While it was expected that the stock share values would improve, the magnitude of the jump was a surprise, according to the report from Akin Gump Strauss Hauer & Feld, which was contracted by Kodak to conduct the internal review of the circumstances with the options awards.
“… No one anticipated the massive price increase that occurred in the wake of the DFC announcement,” the report states. “Indeed, on its face, the dramatic increase in Kodak’s stock price is startling when one considers that it was based on news that Kodak had signed a non-binding Letter of Interest to apply for a potential loan.”
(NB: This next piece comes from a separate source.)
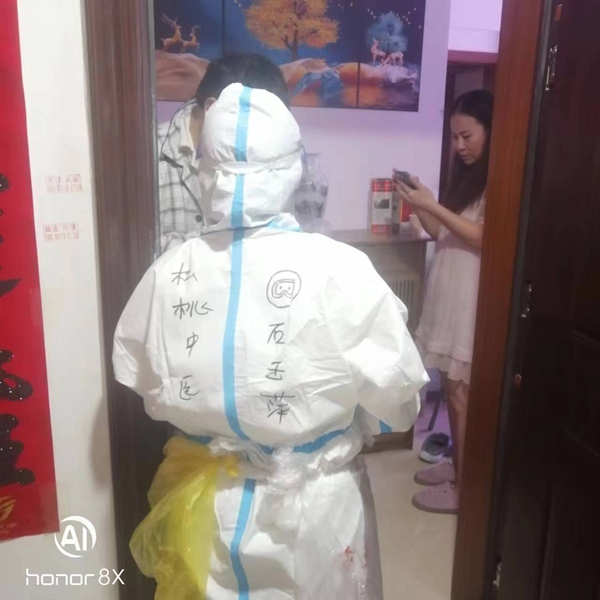 石玉萍上門采核酸。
For its six-week investigation, Akin Gump Strauss Hauer & Feld said that it reviewed documents and over 66,000 electronic communications and conducted 44 interviews of Kodak personnel. The report found that:
• June stock purchases of nearly 50,000 shares by Continenza began while the government loan was in very uncertain stages and followed a traditional path. The same held true for Kodak Director Philippe Katz, who also benefited from the stock surge, the report states. The company’s general counsel pre-cleared the activity.
• Stock options grants in July to Continenza and others were also in line with the company’s traditional operations and had been discussed “well in advance of the start of the DFC loan application process and were awarded for legitimate business purposes unrelated to the DFC announcement.”
• While the awards were not illegitimate, there were shortcomings in the processes and the general counsel should have been more attuned to the possible “optics” problems. The company’s legal department is overburdened and working with outdated policies, the report said.
The report recommends updated policies and strengthened internal legal oversight.
“Kodak is committed to the highest levels of governance and transparency, and it is clear from the review’s findings that we need to take action to strengthen our practices, policies, and procedures,” Continenza said in a statement. “Expeditiously implementing these recommended measures will be critical as we continue to execute on our long-term strategy and transform our business for the future.”
The internal review may not be the end of the issue for Kodak. There have been Congressional calls for investigations into the trading. Also, The Wall Street Journal has reported that the Securities and Exchange Commission is investigating the stock purchases and awards.